▸ Required work
What you give back must match the data exactly, minus the pictures.

▸ Data provided
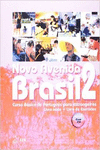 NOVO AVENIDA BRASIL-2.EPU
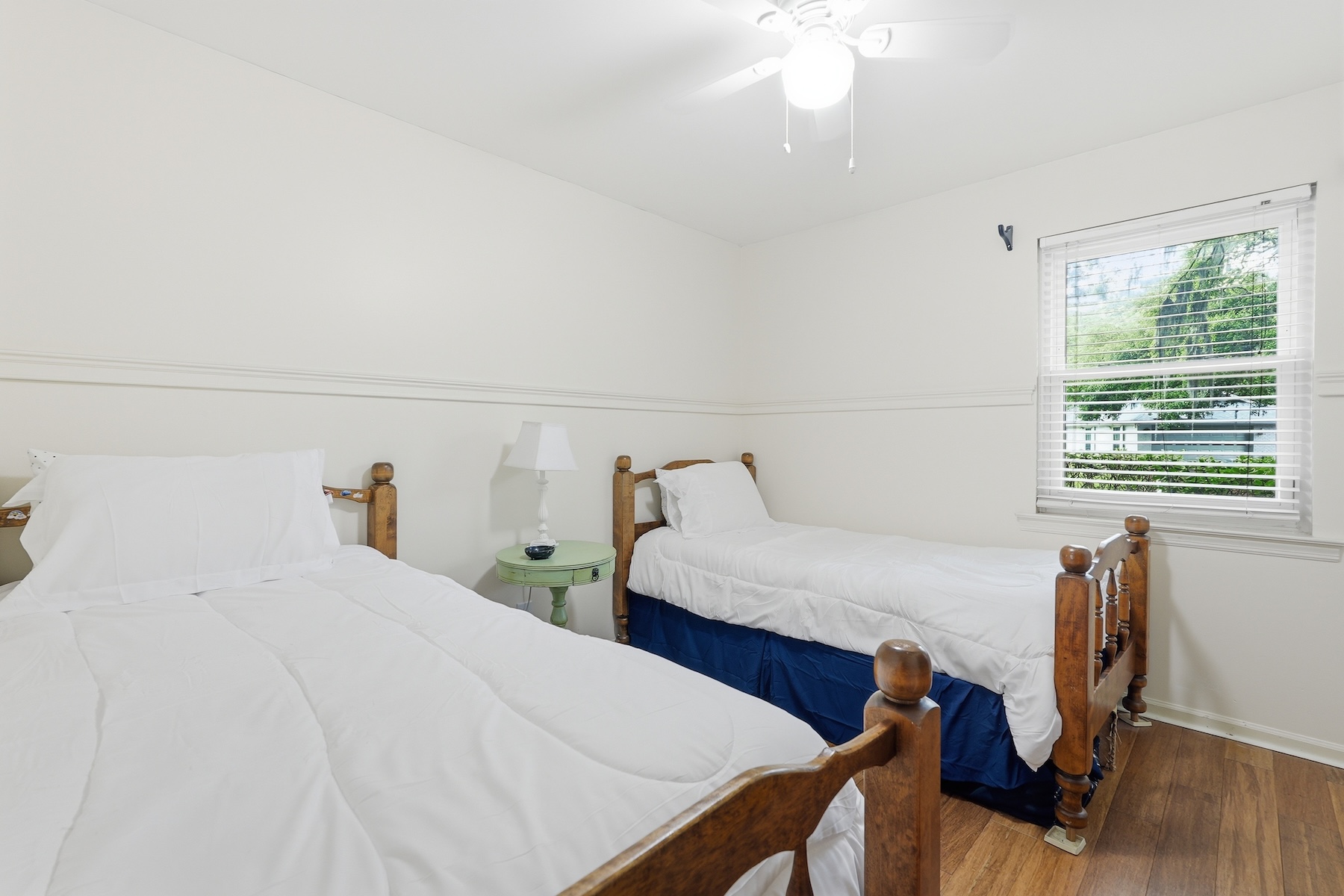  Easy elegance in Isle of Hope Retreat - 物件實景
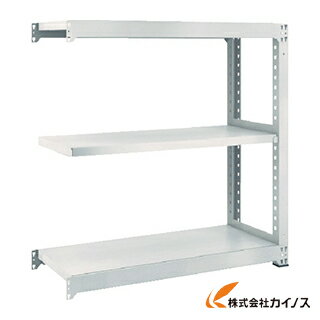 ȥ饹滳 TRUSCO M3ê 1200X721XH1500 3 Ϣ ͥ M3-5473B NGM35473B ںǰĩ   ͵  ¤ 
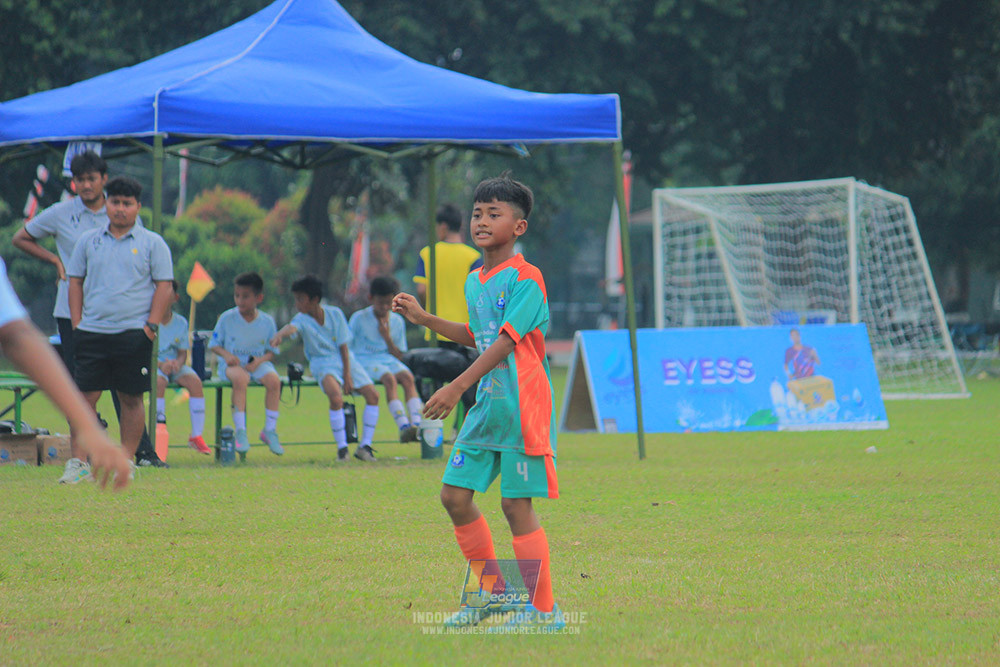 ijl u10 240825 tunas harapan indah sa vs brazillian soccer lebak bulus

▸ Response below
 NOVO AVENIDA BRASIL-2.EPU
  Easy elegance in Isle of Hope Retreat - 物件實景
 ȥ饹滳 TRUSCO M3ê 1200X721XH1500 3 Ϣ ͥ M3-5473B NGM35473B ںǰĩ   ͵  ¤ 
 ijl u10 240825 tunas harapan indah sa vs brazillian soccer lebak bulus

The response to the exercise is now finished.